**Description of the task**
Each line from the one with "Bin Saeed Fabric" through the last line of the material is to be printed exactly; no other line and no picture belongs in the copy.

*** Exercise material Section Begins ***

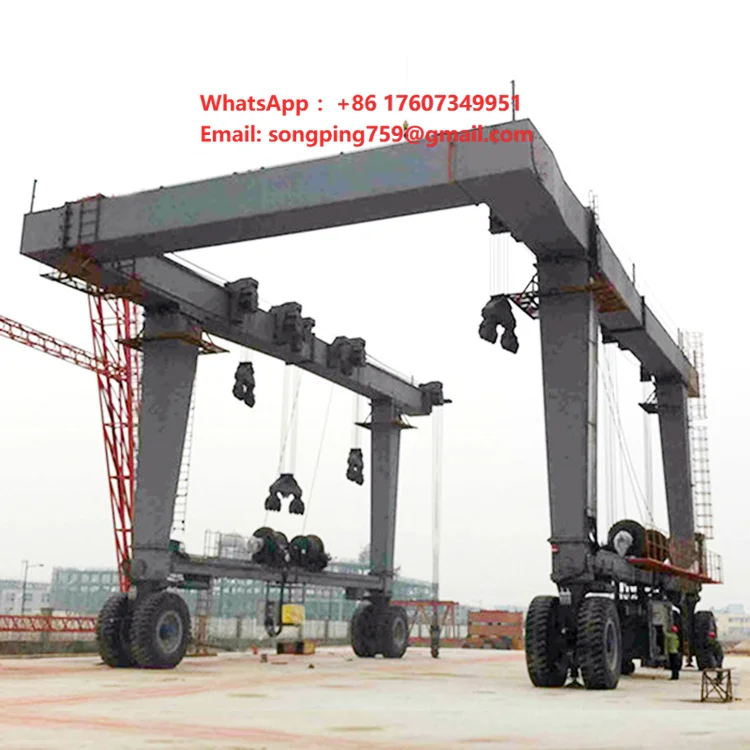 5T Portable Adjustable Gantry Crane High Performance PLC Controlled CE Certified Marine Hoist Motor Gearbox Engine Shipyard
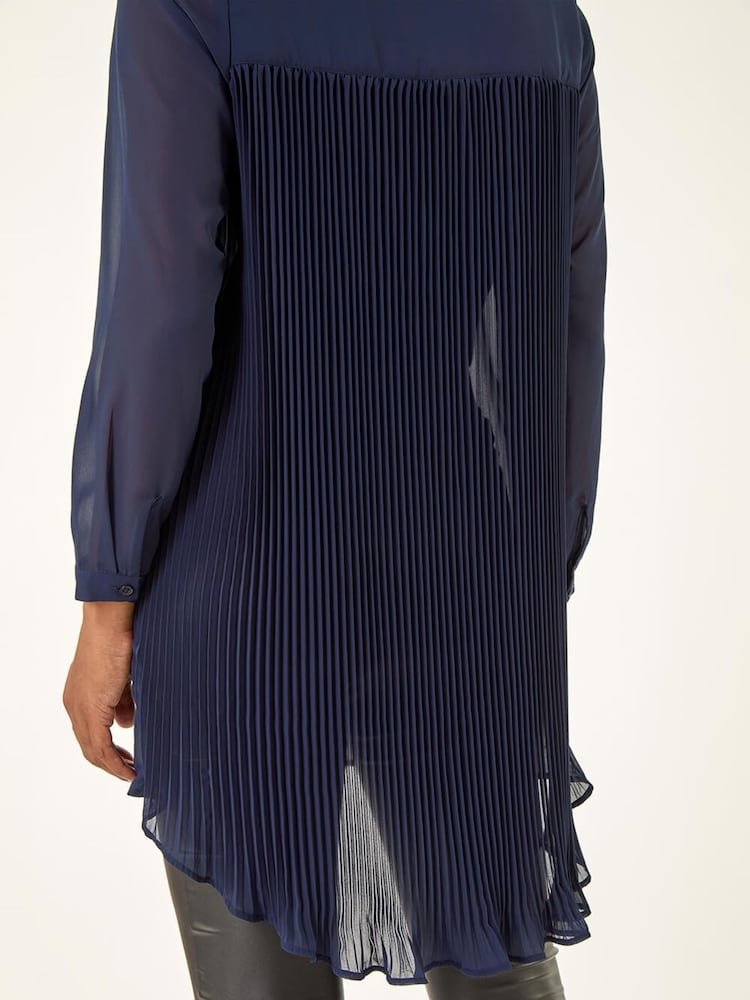 Roman Blue V-Neck Pleated Back Blouse - Image 5 of 5 Roman Blue V-Neck Pleated Back Blouse - Image 5 of 5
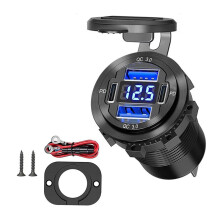 4 Port 12V USB Outlet Charger,Dual PD & QC Multiple USB Port for Car, USB C-Cigarette Lighter Replacement 12 Volt Socket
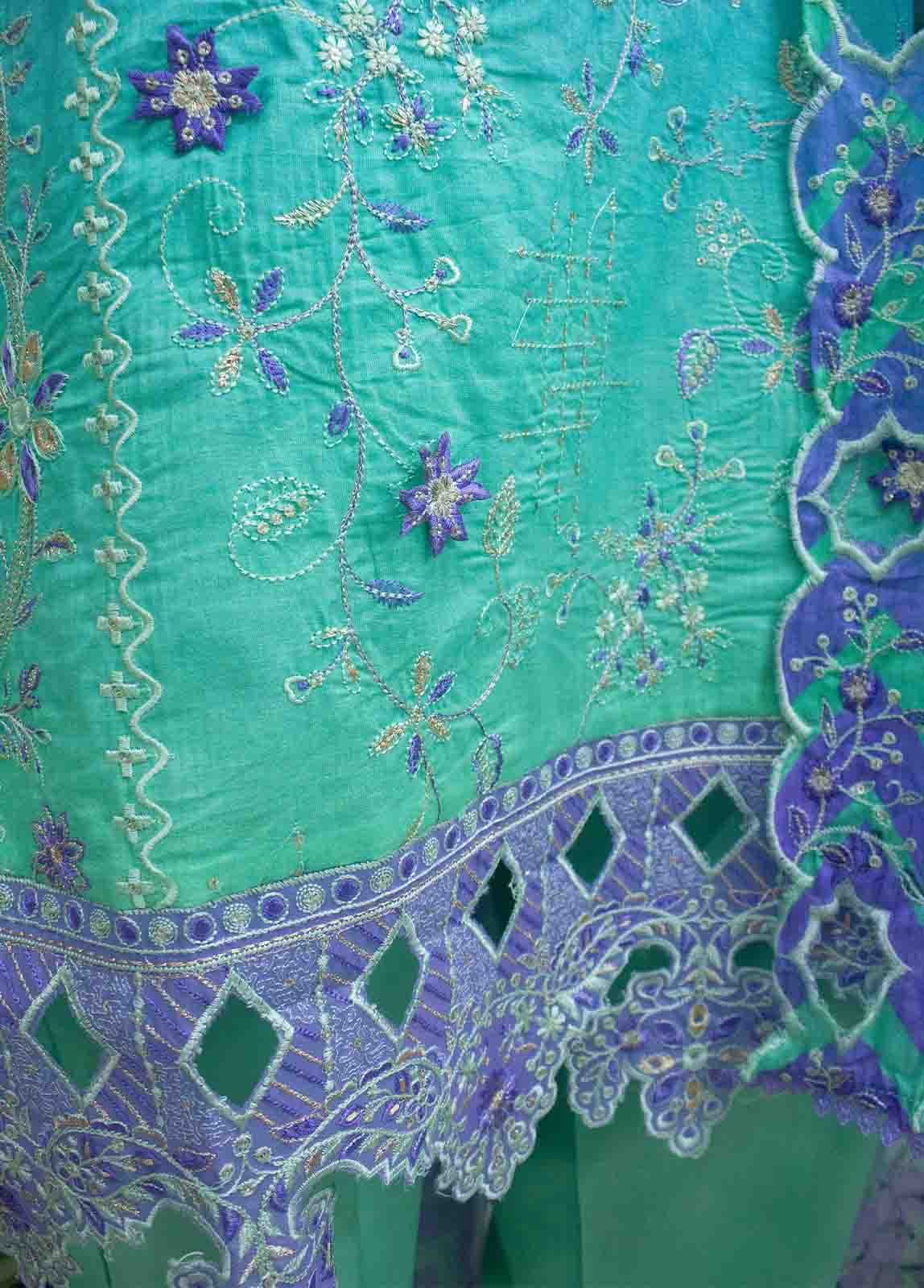 Bin Saeed Fabric - SMLF-0703 A-3 Piece Cutwork Kari Stitched Suit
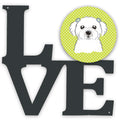Checkerboard Lime Green Maltese Metal Wall Artwork Love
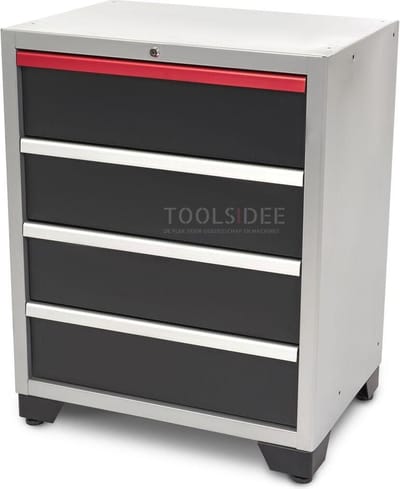 HBM 4-Laden Deluxe Professionele Gereedschapskast Werkplaatskast Zwart 51x71x90 cm, 350 kg draagvermogen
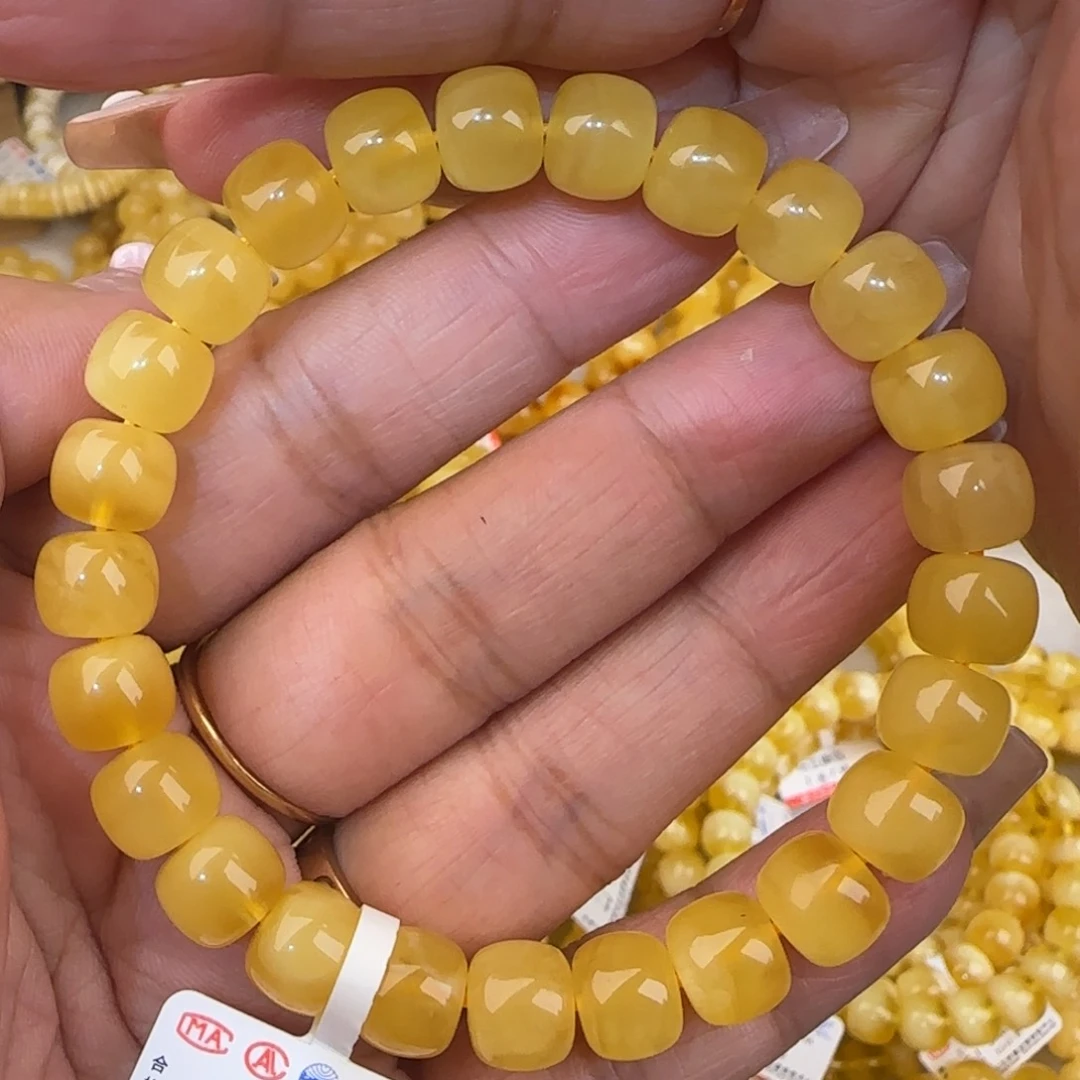 未镶嵌蜜蜡手链鸡油黄老型手串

*** Exercise material Section Ends ***

**Task output**
 Bin Saeed Fabric - SMLF-0703 A-3 Piece Cutwork Kari Stitched Suit
Checkerboard Lime Green Maltese Metal Wall Artwork Love
 HBM 4-Laden Deluxe Professionele Gereedschapskast Werkplaatskast Zwart 51x71x90 cm, 350 kg draagvermogen
 未镶嵌蜜蜡手链鸡油黄老型手串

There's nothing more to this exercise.